Literatur

Heilende Lyrik: „Ah, ein Herz, verstehe“ des Freiburger Arztes und Schriftstellers Jakob Leiner sammelt Gedichte aus 500 Jahren

Wenn Lyrik zur Medizin selbst wird, legt sich die wahre Kraft der Poesie frei. Heilende und Kranke, Ärzt:innen und Patient:innen finden Trost, Hoffnung, Spott und Frohsinn in der Kraft, die im geschriebenen wie gedachten Wort liegt. Das zeigt auch die im Berliner Quintus-Verlag erschienene Anthologie „Ah, ein Herz, verstehe“ des Freiburger Arztes und Schriftstellers Jakob Leiner. In dem hübsch aufgearbeiteten Taschenbuch versammelt Leiner 500 Jahre Poesie – von Heilenden und Kranken. Auf knapp über 250 Seiten verkörpern 101 Dichter:innen ein kulturelles Gedächtnis medizinischer Geschichte, das die Kunst nicht nur als Zeitvertreib versteht, sondern „durch Rezeption selbst zur Medizin wird“, wie Jakob Leiner in seinem „sieben Windungen“ umfassenden Vorwort feststellt. In diesem Vorwort versteht Leiner die Anthologie auch „als Plädoyer für eine sprechende psychosomatische Medizin der Zukunft“, die das Wort als „hilfreiches Utensiel“ zu nutzen weiß – oder vielmehr wiederentdeckt.

Hinter den 236 Gedichten tummeln sich zahlreiche bekannte Namen – manche lassen einen sogar überrascht zurück. Neben Shakespeare, Paul Fleming und Paracelsus findet die Geschichte medizinischer Lyrik ihren Weg bis zu Teresa von Aquila, Erich Kästner und Ingeborg Bachmann. Sprachgewaltige Vertreter:innen, die dem Buch eine literarische Raffinesse verleihen – und nicht zuletzt neue Gefühlswelten eröffnen. Denn jene 236 Gedichte entpuppen sich nicht nur als spannende Lektüre für Medizininteressierte und/oder Studierende der Medizin, vielmehr offenbaren sie die tiefen Seelenwelten derer, die mit Krankheit und Heilung konfrontiert werden. Auf der einen oder anderen Seite. Das ist gewiss nicht immer leicht zu ertragen, so viel sei an diesem Punkt gesagt. Nichtsdestotrotz gelingt es der Anthologie eine clevere Brücke zwischen Leben und Tod zu schlagen – und zugleich den Facettenreichtum der Medizin nachzuzeichnen, der aus den Blickwinkeln der Dichtenden ein schillerndes Bild abgibt.

[…]
wie hält sich
etwas lebendig
wie lange der atem
und saugt man
das gift der biene aus
oder sagt man
lediglich: lebwohl
(Tara Meister, „Bienen“. Schlussgedicht der Anthologie)
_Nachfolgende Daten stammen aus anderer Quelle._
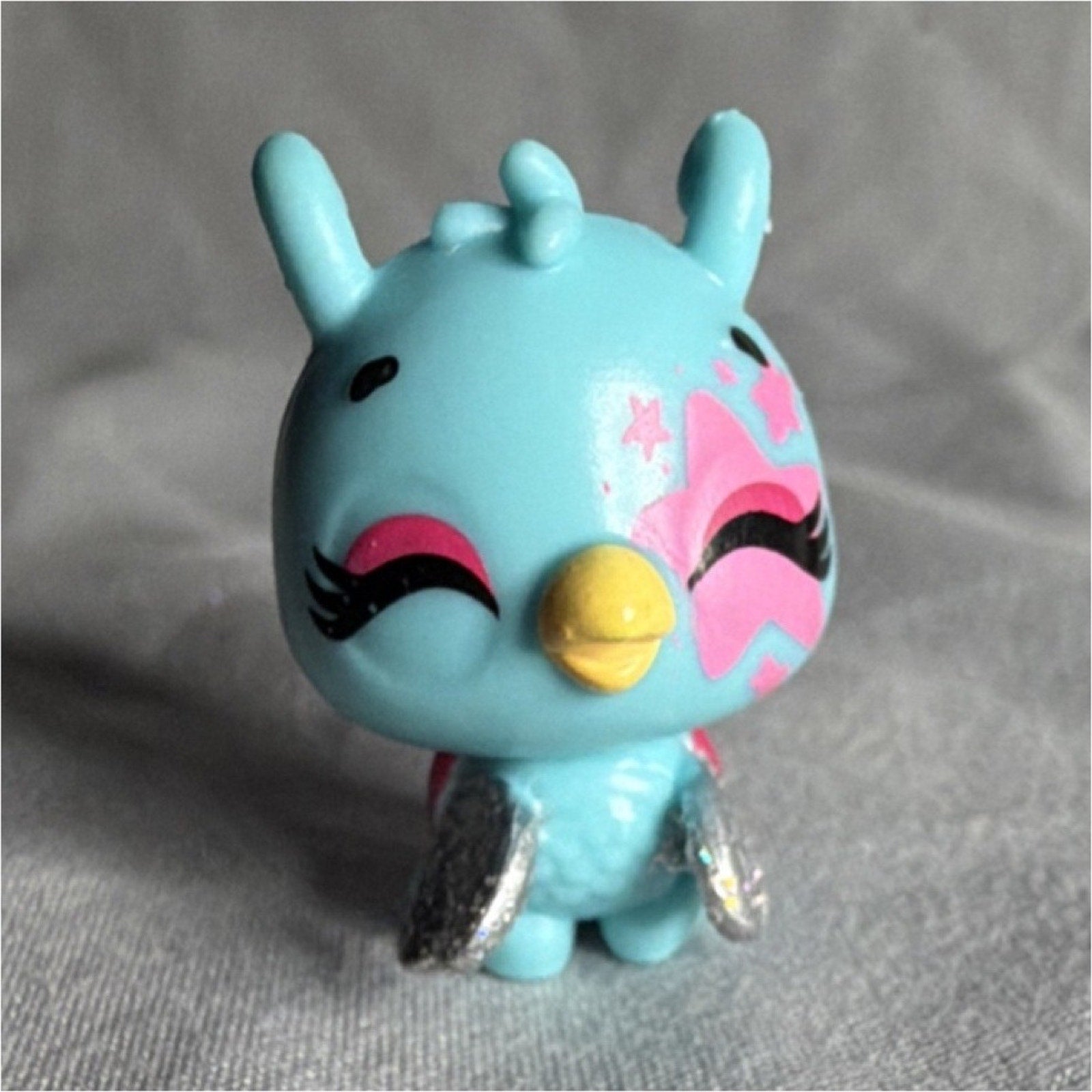 Littlest Pet Shop Bird Figure 91002BDM Blue Pink Star Glitter Wings 19103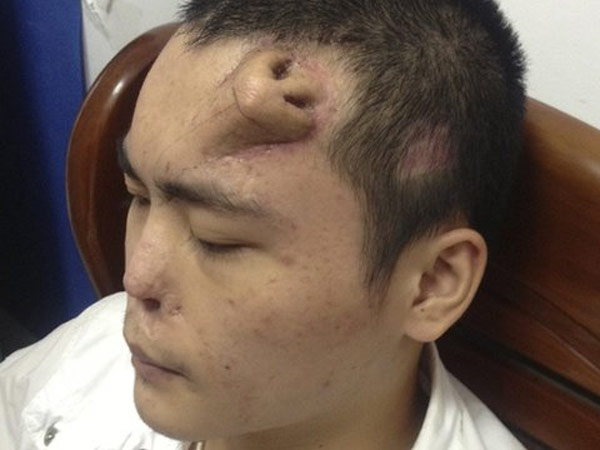 நிஜ மூக்காக...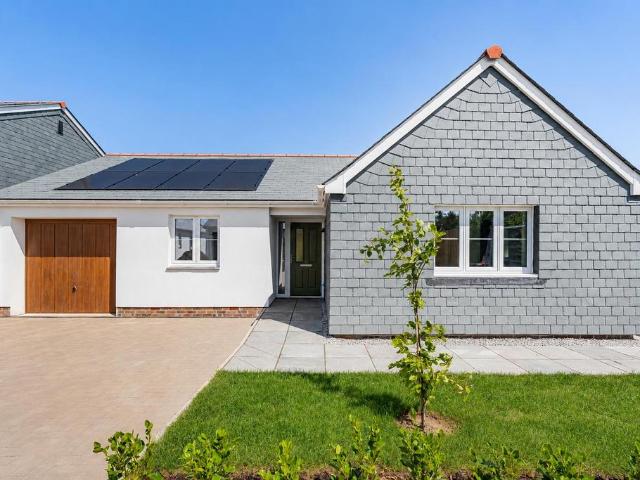 Bungalow for sale in Menagissey, Mount Hawke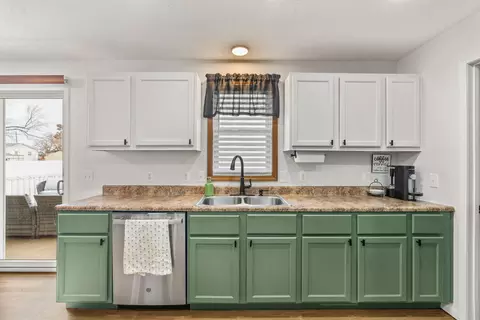 1005 17th Ave, Silvis, IL 61282 photo 11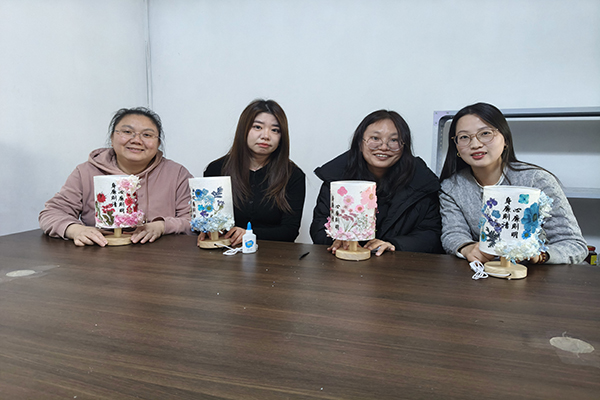 集团官网2.jpg 集团官网2.jpg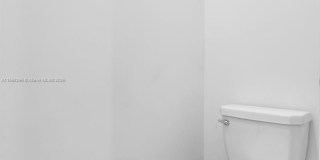 4450 NW 83rd Pkwy Gallery 20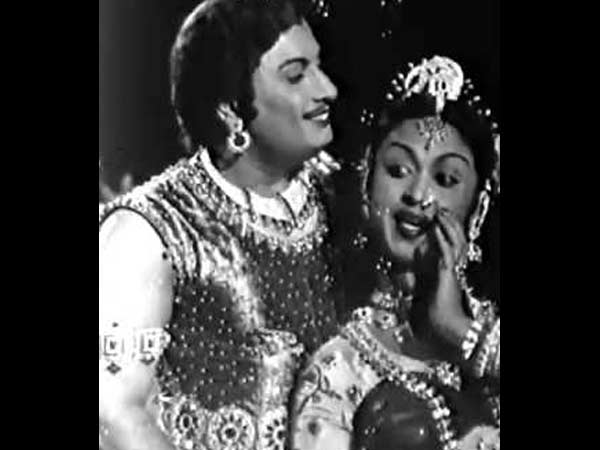 80 எம்ஜிஆர் படங்கள்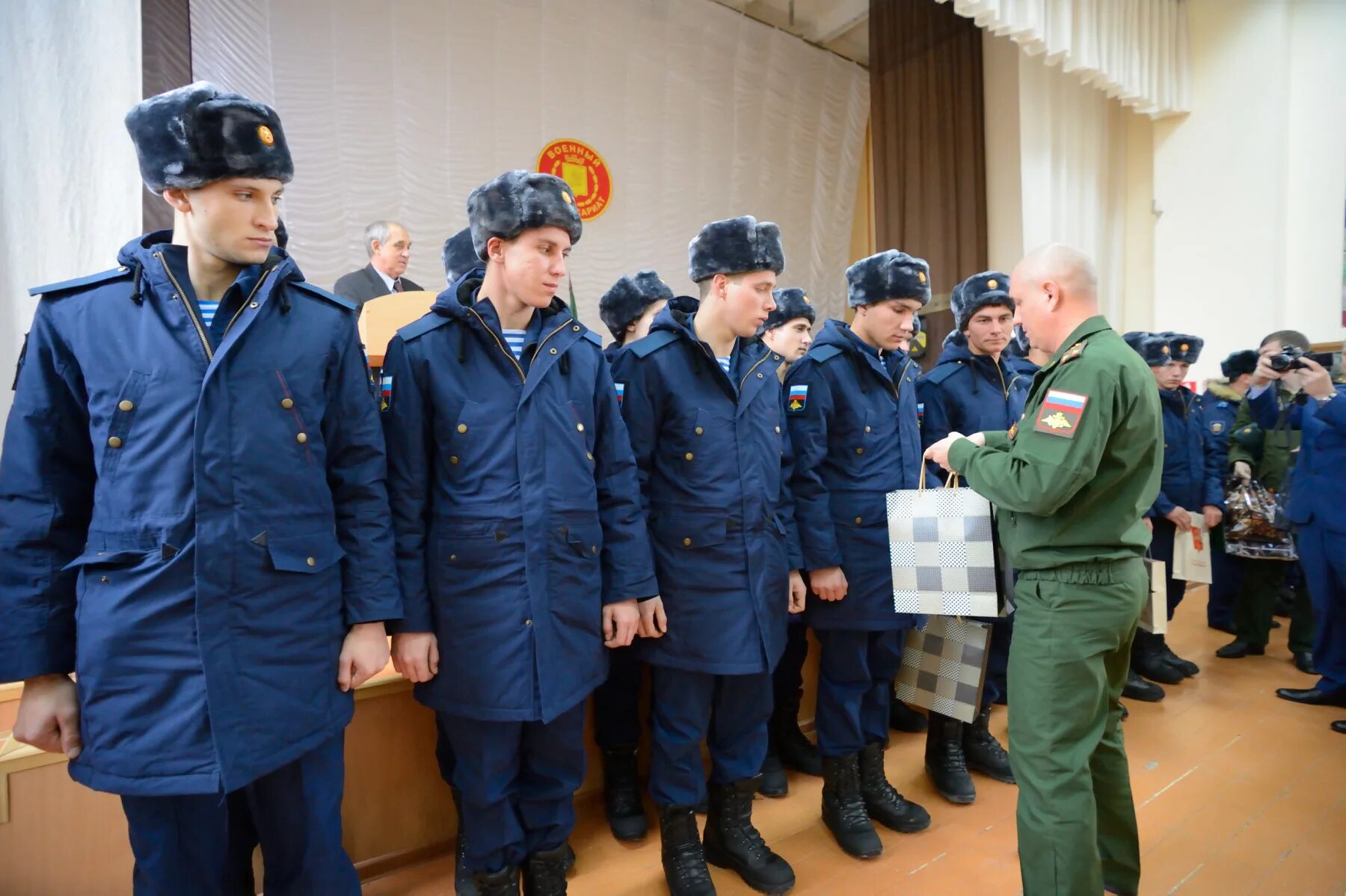 Республиканский комиссариат. Военкомат Нальчик Вологирова. Республиканский военкомат КБР. Призывники Адыгеи. Военный комиссар Республики Адыгея.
Mit viel Liebe zum Detail und zur Dichtkunst hat Jakob Leiner in „Ah, ein Herz, verstehe“ nicht nur Lyrik zusammengetragen, sondern zugleich eine Art Einführungswerk erschaffen, das der Forschung im Spannungsfeld von Lyrik und Medizin neue Aktualität verleihen dürfte. Den Bogen von der Neuzeit bis in unsere Gegenwart gelingt dem Humanmediziner Leiner mit viel Gespür für Zwischentöne – eine wirklich gelungene Komposition, vielleicht auch dank der musikalischen Ausbildung des Autos und Herausgebers.
Auf keinen Fall überlesen sollte man den Anhang (mal ehrlich, das schreibt man auch nicht alle Tage). Hier verstecken sich neben interessanten medizinischen wie historischen Fakten und Erläuterungen auch die Biogramme der 101 Dichtenden. Liebhabende der Lyrik werden hier gewiss ein Werk für sich entdecken, das die ein oder andere ungewöhnliche Entdeckung verspricht. Empfehlung!

Termine: 25.03., 20 Uhr, Stadtbücherei Offenburg. 15.04., 12:30 Uhr, Buchhandlung zum Wetzstein.